TASK REQUIREMENTS>
Transcribe nothing except the lines below that run from the one with "View 3 of Samsung" to the one with "Martina Kováčiková Spútaná životom", ends included, and do not copy any picture.

SUPPLIED ENTRIES>

========================================================================

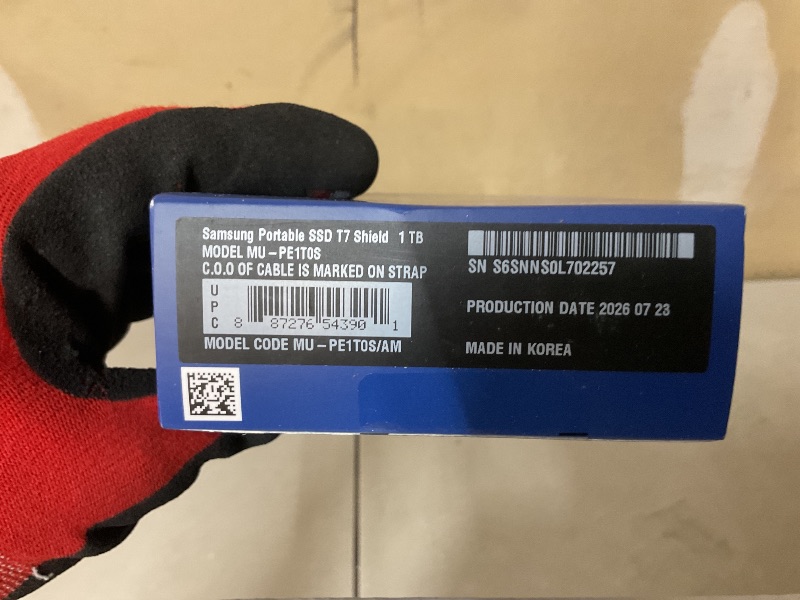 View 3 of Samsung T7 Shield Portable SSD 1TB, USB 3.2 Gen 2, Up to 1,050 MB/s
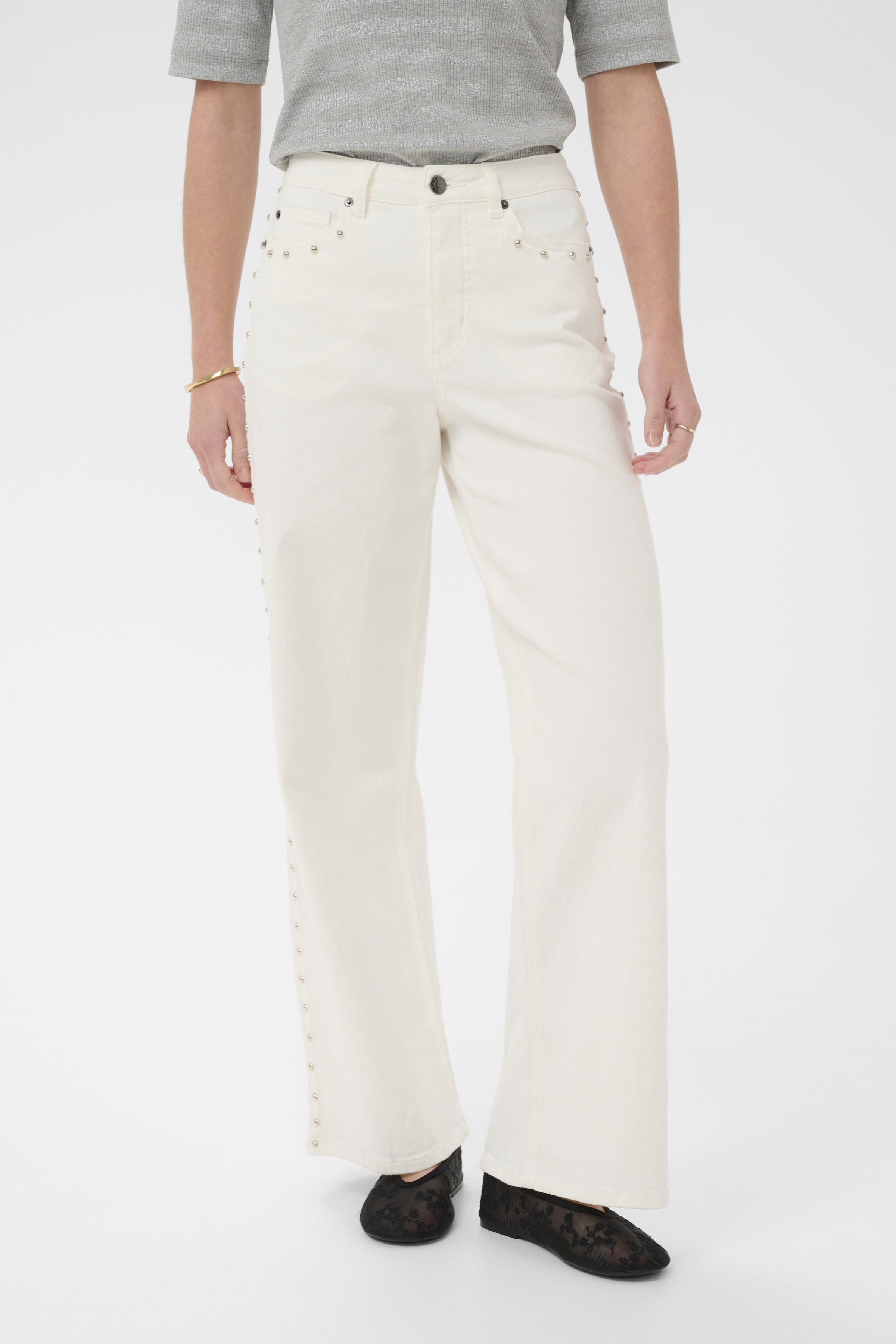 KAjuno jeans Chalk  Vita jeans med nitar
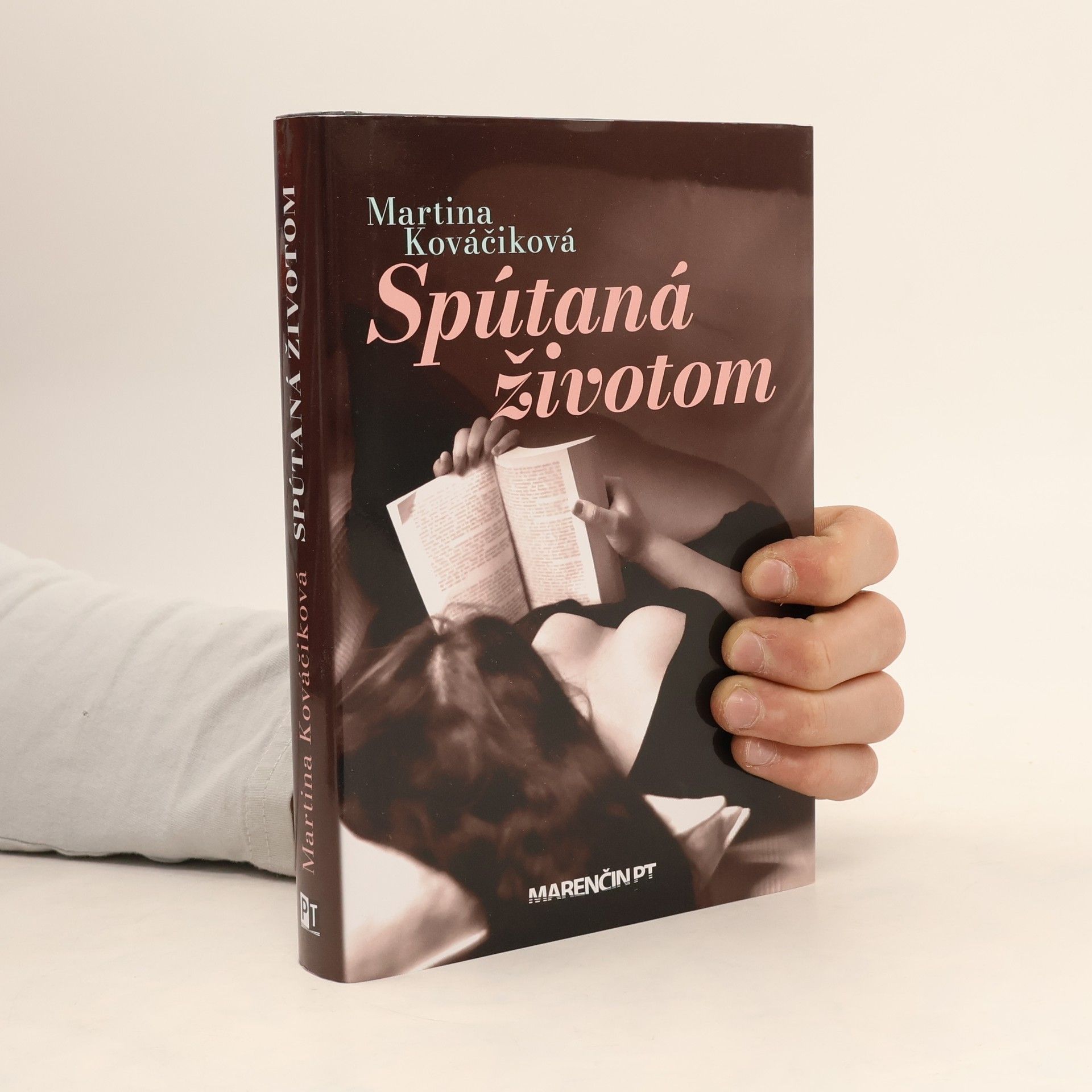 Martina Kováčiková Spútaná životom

========================================================================

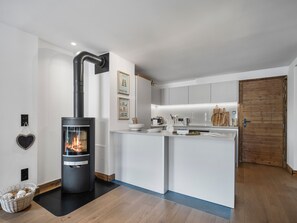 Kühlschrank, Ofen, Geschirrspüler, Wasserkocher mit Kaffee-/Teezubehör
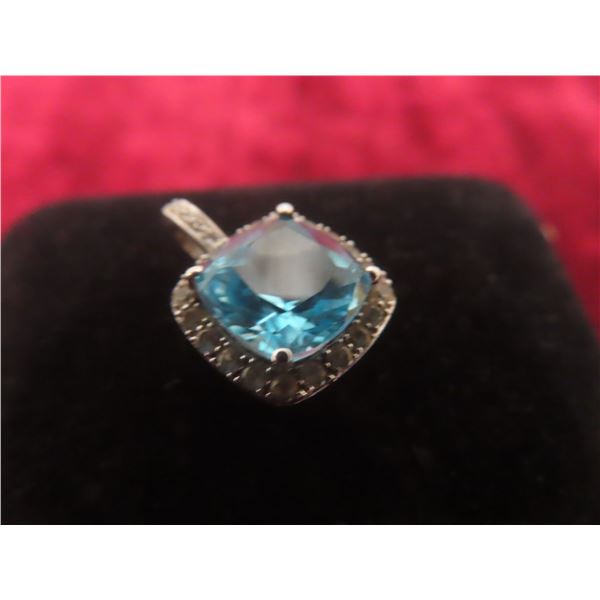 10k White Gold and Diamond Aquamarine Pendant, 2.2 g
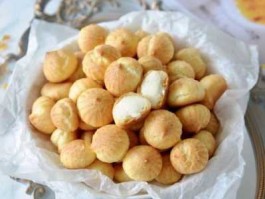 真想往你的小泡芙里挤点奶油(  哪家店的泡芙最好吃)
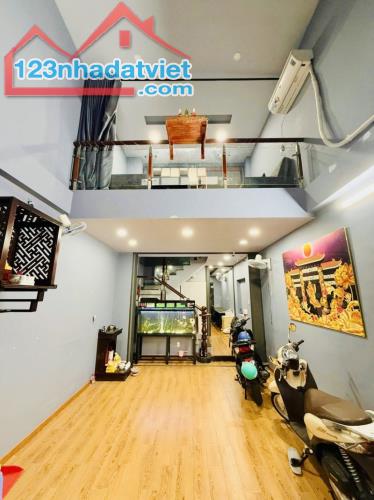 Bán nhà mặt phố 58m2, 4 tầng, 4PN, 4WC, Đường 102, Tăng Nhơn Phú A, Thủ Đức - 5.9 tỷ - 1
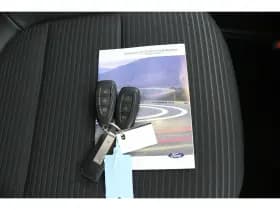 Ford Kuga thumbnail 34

========================================================================

SOLUTION TO THIS EXERCISE>
 View 3 of Samsung T7 Shield Portable SSD 1TB, USB 3.2 Gen 2, Up to 1,050 MB/s
 KAjuno jeans Chalk  Vita jeans med nitar
 Martina Kováčiková Spútaná životom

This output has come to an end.